Committee will seek to find balance between competition and financial stability.

Shekel money bills (photo credit: REUTERS)
Shekel money bills
(photo credit: REUTERS)
Finance Minister Moshe Kahlon on Wednesday took the first step to fulfilling one his main campaign promises when he and Bank of Israel Gov. Karnit Flug announced the creation of a committee to increase competition in the banking sector.
The committee, to be headed by former antitrust commissioner Dror Strum, will include representatives from the Finance Ministry, the Bank of Israel and academia, and is tasked with providing policy recommendations within 100 days.
“Our goal and the goal of the committee is to bring real competition into one of the most concentrated areas of Israel’s economy: the banking sector,” Kahlon said.
Just three banks accounted for 70 percent of the NIS 50 billion sector, he said, a situation that cost households hundreds or thousands of shekels each year.
Kahlon and Flug have long agreed about the overconcentrated financial system, but they have voiced disagreements on how to tackle the problem.
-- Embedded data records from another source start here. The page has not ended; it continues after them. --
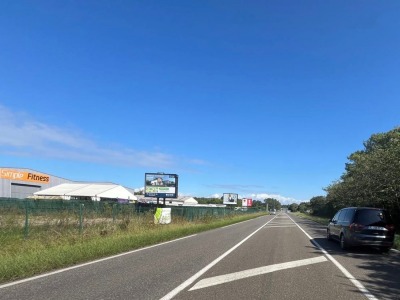 panneau affichage publicitaire B895A
D810 Rte de Maremne 1689 - LABENNE
Zone Housquit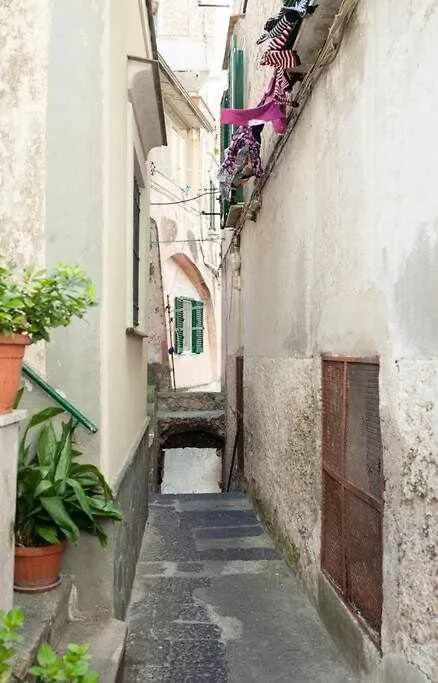 Donna Sara Appartamento In Corte Amalfitana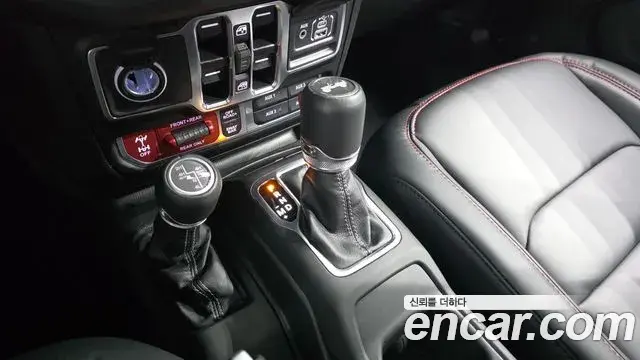Jeep Wrangler 2025 — Şəkil 2/20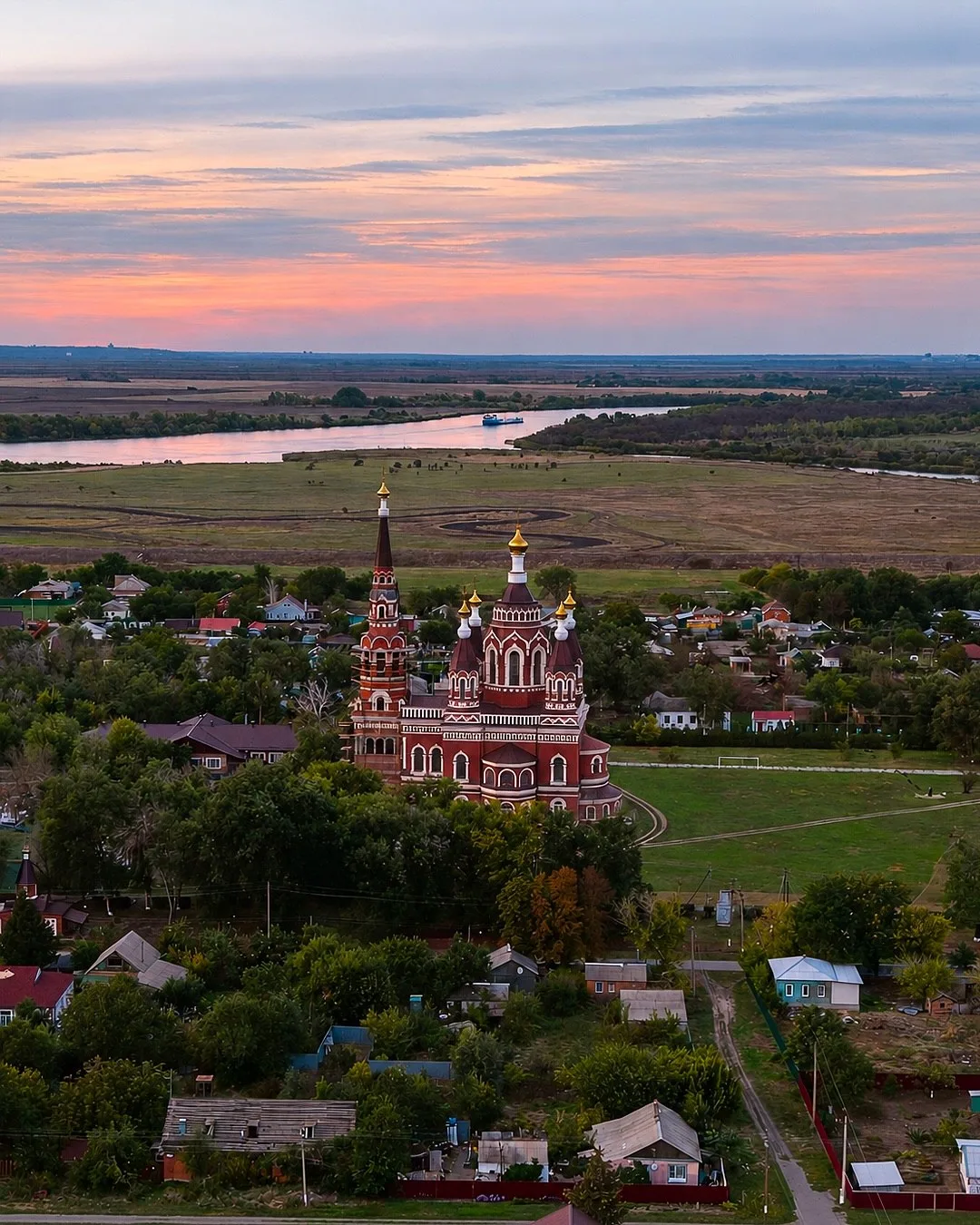 Храм Параскевы Пятницы в станице Манычской.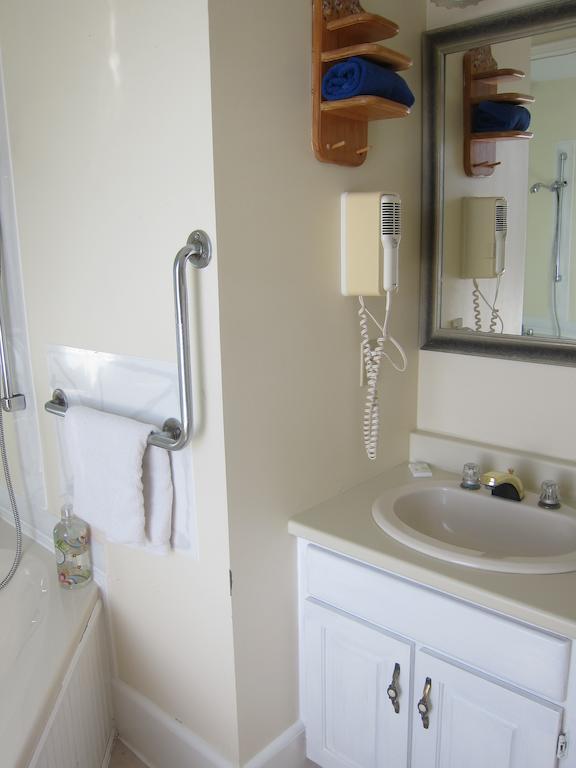 Salmon River Country Inn Head of Jeddore Pokoj fotografie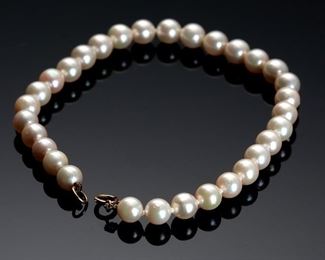 Pearl Bracelet 14k Gold Clasp 	7in Long <BR>Pearl: 5mm Diameter 	
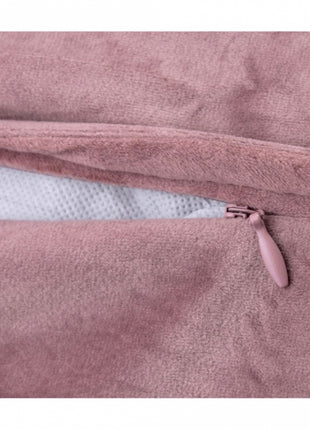 Designed by Lotte Katzenkissen Velveti
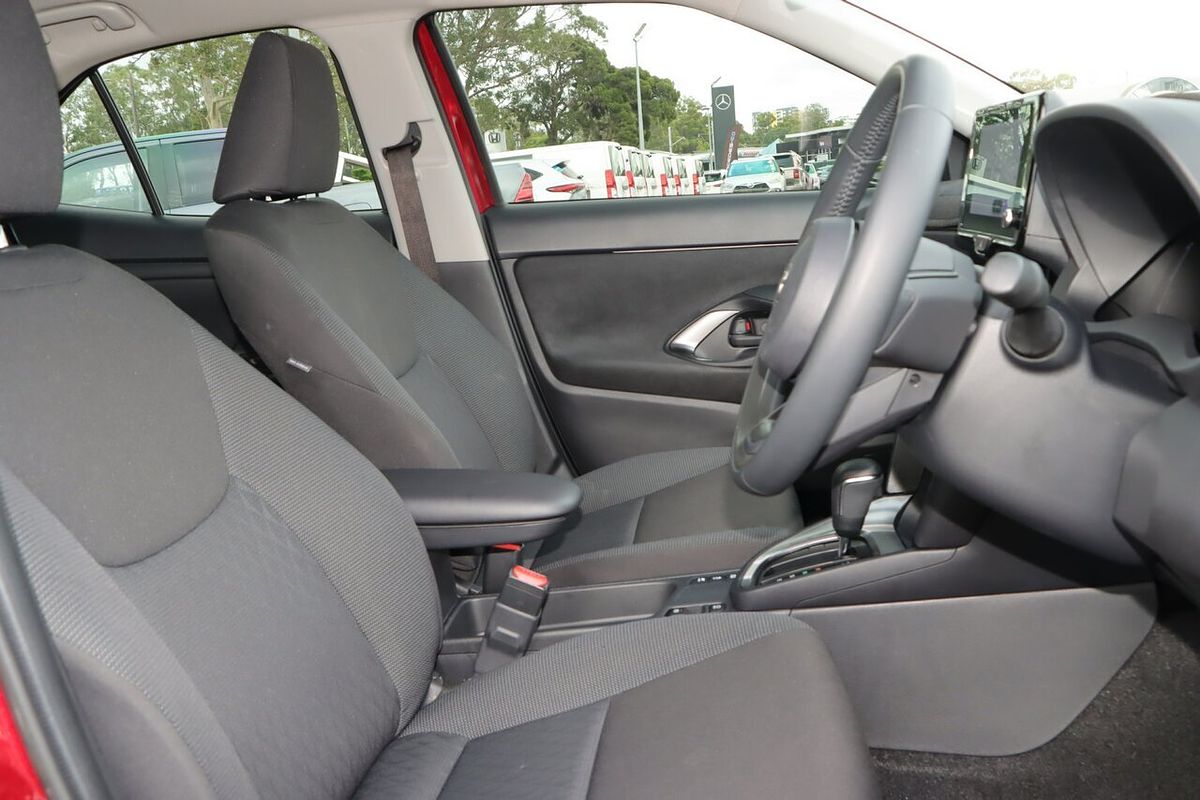 2024 Toyota Yaris Cross GX MXPJ10R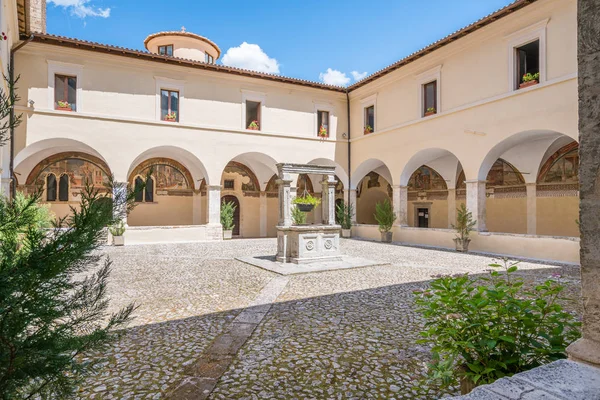 Convento San Francesco Una Mañana Verano Tagliacozzo Provincia Aquila Abruzos —  Fotos de Stock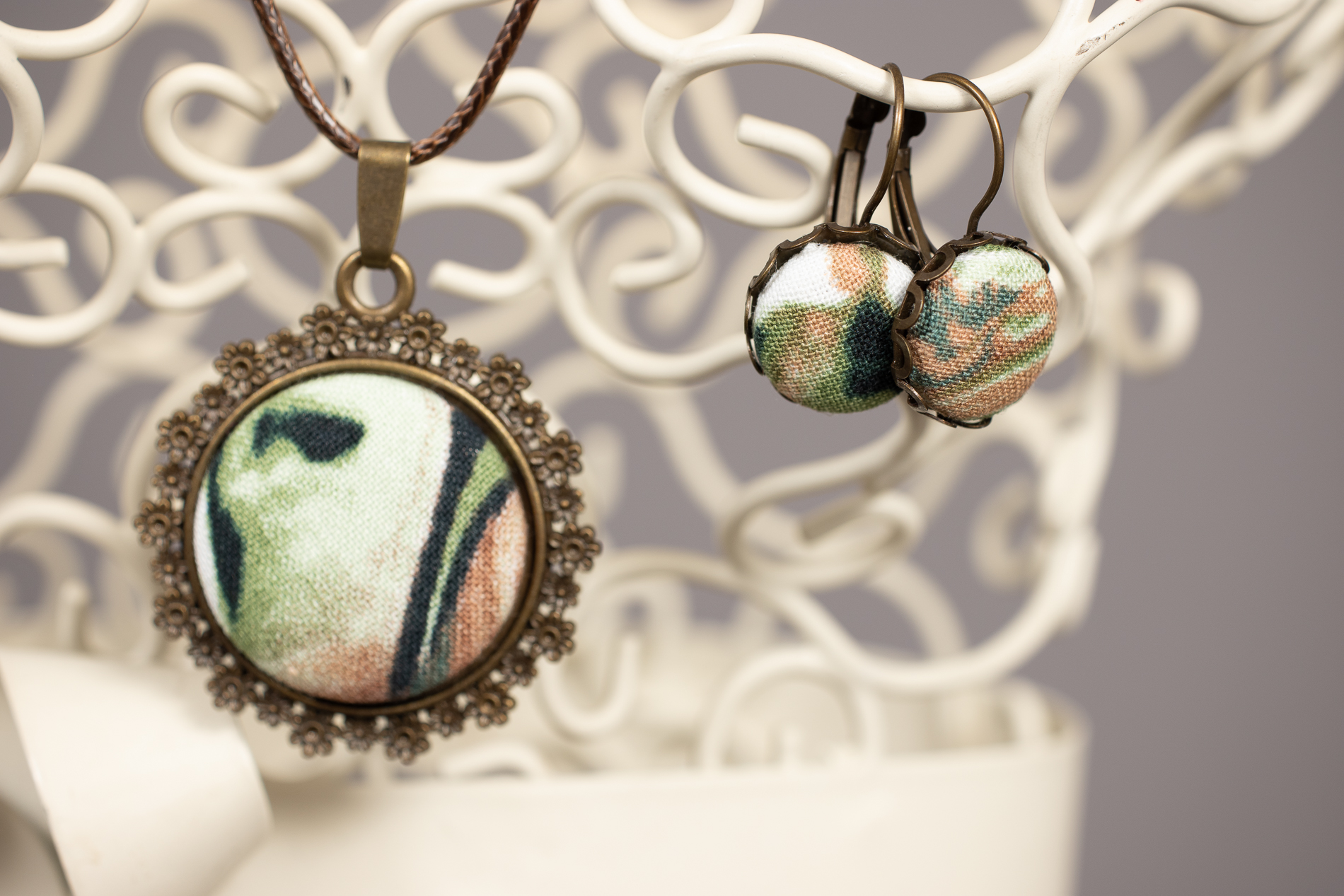 Collier et boucles d'oreille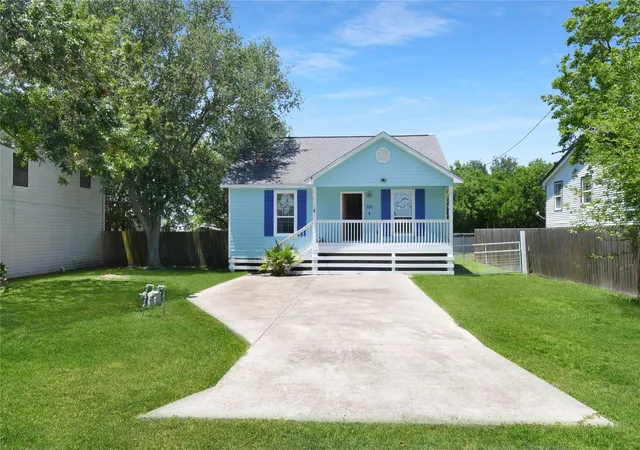 1st image of 320 10th St, Dickinson, TX 77539 | MLS# 71665840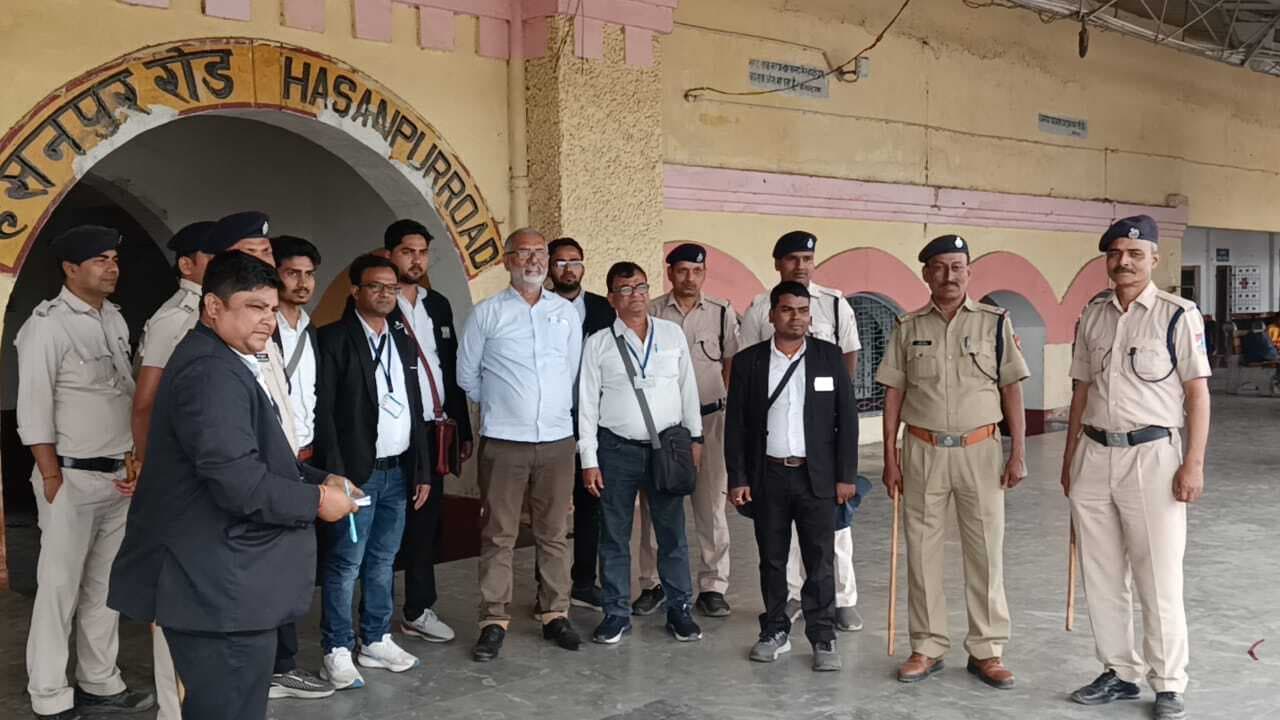 Samastipur News:हसनपुर स्टेशन पर चला टिकट जांच अभियान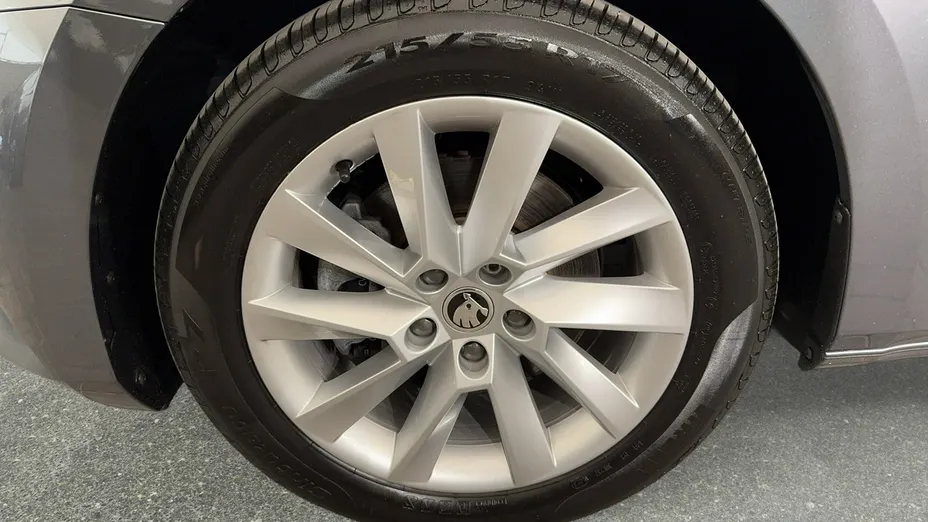 SKODA Superb -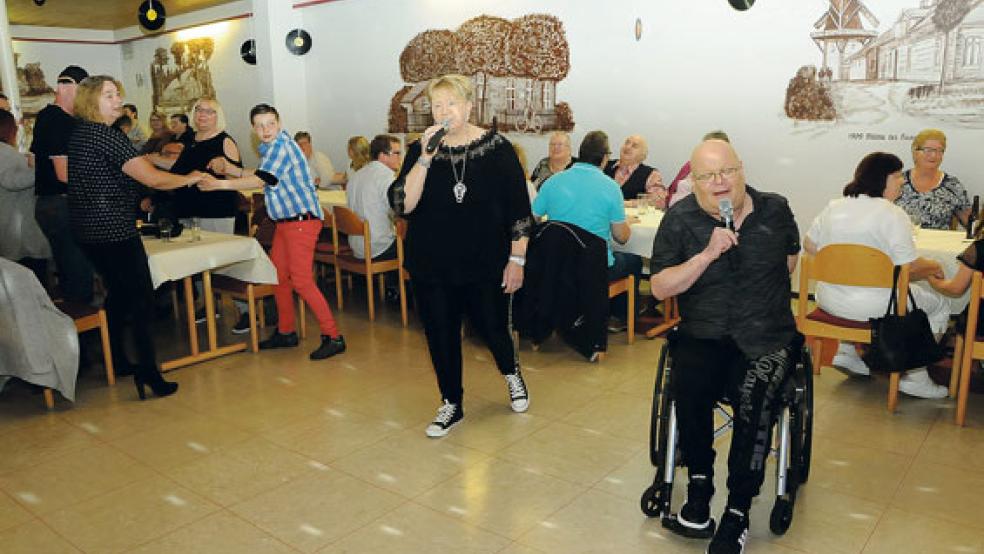 In Aktion: Hanne und Alfred Poelmann bei ihrem Auftritt im Dörphuus. © Foto: Wolters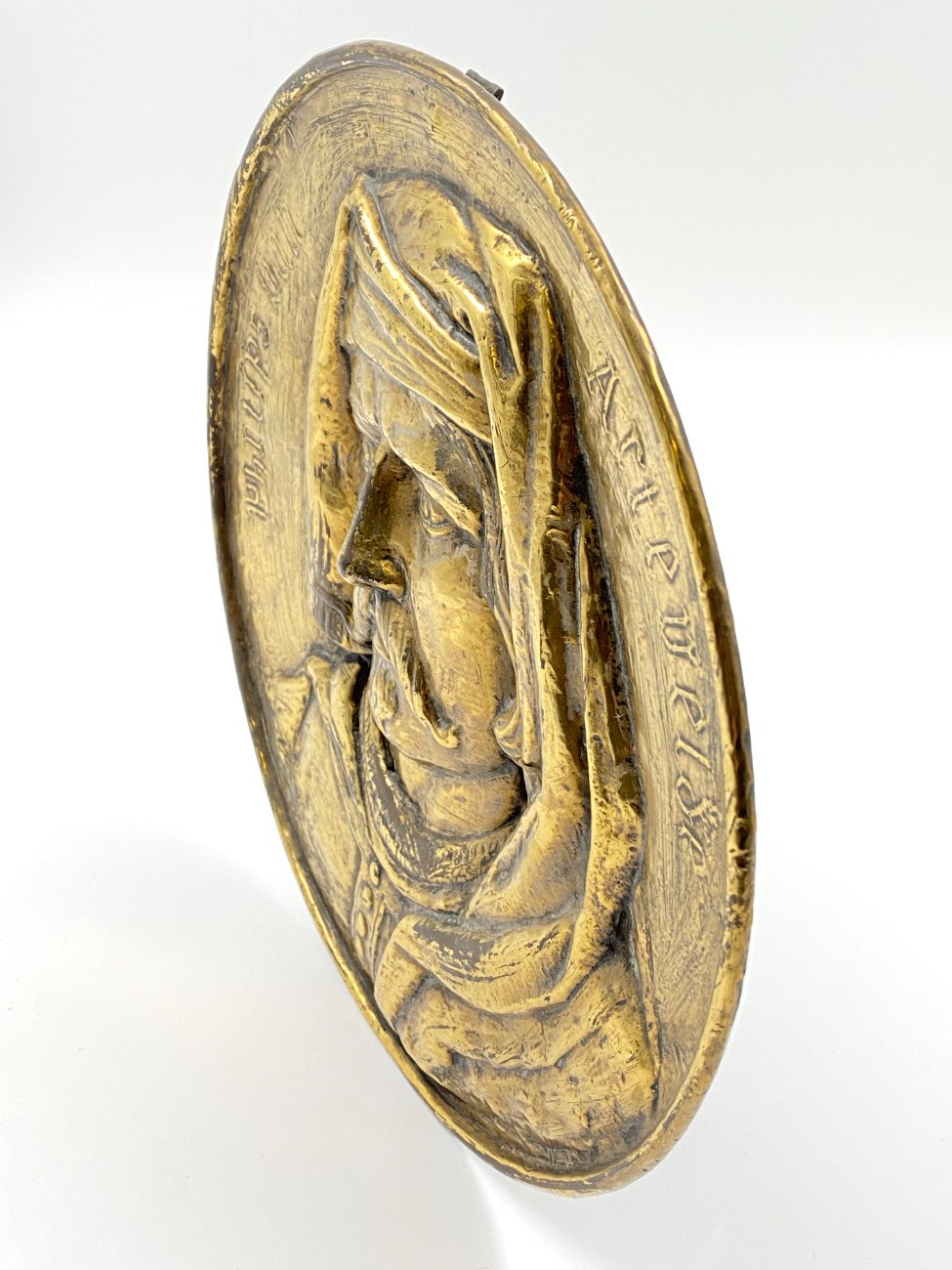 DK0002-interjero-ir-apdailos-detales-5 Žalvarinis bareljefas su Philip van Artevelde atvaizdu 2,5x30x30 cm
Flug, whose first priority is to ensure stability in the financial system, has been cautious about reforms that might push existing banks toward failure.
BoI’s Supervisor of Banks Dudu Zaken has steadily imposed a series of regulation that slashed fees, made switching banks easier, and required the provision of basic services at low cost.
Flug’s comments on Wednesday reflected that position.
“The committee will recommend additional steps that will increase competition and deepen fairness in the financial system, while ensuring appropriate regulations, protecting the funds of depositors and savers, and the stability of the financial system,” she said.
Kahlon, on the other hand, has made consumers the priority. His famous cellular reforms, for example, helped slash consumer prices tremendously, but have also raised fears that one of the major cellular providers – whose profits have plummeted some 90 percent in four years – might go out of business. If the same were to happen to a bank, the economy could suffer a major financial crisis.
“Competition is the best friend of the consumer, competition is good for companies and good for citizens, and therefore we are striving to advance it in every field,” Kahlon said on Wednesday.
In the appointment letter, the committee was asked to examine how new players offering banking services could enter the market, including by separating credit cards from banks (a policy Kahlon championed during the election campaign), and removing barriers to entry. The committee’s task of presenting recommendations in 100 days puts its deadline at September 11, though that is a Friday, so it may not turn them in until the following Sunday.
In his remarks, Kahlon promised that reforms for the insurance and pension markets were also on the way.